#### TO DO
Print verbatim the opening line of the material and every subsequent line through the one containing "7FT White Artificial".

#### PROVIDED RECORDS
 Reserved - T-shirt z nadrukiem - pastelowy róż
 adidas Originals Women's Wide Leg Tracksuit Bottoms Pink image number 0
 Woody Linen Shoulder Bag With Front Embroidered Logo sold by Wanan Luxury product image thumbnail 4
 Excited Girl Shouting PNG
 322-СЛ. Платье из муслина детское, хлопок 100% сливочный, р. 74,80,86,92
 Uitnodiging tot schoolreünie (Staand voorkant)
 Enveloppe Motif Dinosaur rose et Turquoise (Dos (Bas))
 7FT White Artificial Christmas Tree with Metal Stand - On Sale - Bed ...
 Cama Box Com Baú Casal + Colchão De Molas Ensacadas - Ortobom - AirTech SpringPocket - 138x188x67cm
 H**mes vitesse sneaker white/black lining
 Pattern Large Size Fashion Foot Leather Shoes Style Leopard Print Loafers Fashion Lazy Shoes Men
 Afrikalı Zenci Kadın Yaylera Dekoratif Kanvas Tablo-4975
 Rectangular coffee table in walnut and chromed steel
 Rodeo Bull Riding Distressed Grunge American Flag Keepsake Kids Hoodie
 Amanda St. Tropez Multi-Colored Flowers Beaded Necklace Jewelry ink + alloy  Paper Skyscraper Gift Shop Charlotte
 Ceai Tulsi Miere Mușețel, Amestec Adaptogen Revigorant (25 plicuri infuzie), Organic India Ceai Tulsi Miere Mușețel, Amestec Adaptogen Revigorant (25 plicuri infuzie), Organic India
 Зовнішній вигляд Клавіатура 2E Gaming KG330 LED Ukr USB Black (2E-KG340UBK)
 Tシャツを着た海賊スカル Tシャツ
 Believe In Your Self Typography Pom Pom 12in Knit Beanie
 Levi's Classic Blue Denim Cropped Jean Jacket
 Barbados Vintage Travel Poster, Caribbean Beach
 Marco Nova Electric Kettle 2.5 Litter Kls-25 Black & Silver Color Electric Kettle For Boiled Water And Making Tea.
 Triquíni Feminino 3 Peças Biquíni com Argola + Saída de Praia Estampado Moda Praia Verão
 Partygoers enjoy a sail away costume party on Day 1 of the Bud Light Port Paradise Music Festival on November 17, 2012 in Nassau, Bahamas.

#### WRITTEN ANSWER
 Reserved - T-shirt z nadrukiem - pastelowy róż
 adidas Originals Women's Wide Leg Tracksuit Bottoms Pink image number 0
 Woody Linen Shoulder Bag With Front Embroidered Logo sold by Wanan Luxury product image thumbnail 4
 Excited Girl Shouting PNG
 322-СЛ. Платье из муслина детское, хлопок 100% сливочный, р. 74,80,86,92
 Uitnodiging tot schoolreünie (Staand voorkant)
 Enveloppe Motif Dinosaur rose et Turquoise (Dos (Bas))
 7FT White Artificial Christmas Tree with Metal Stand - On Sale - Bed ...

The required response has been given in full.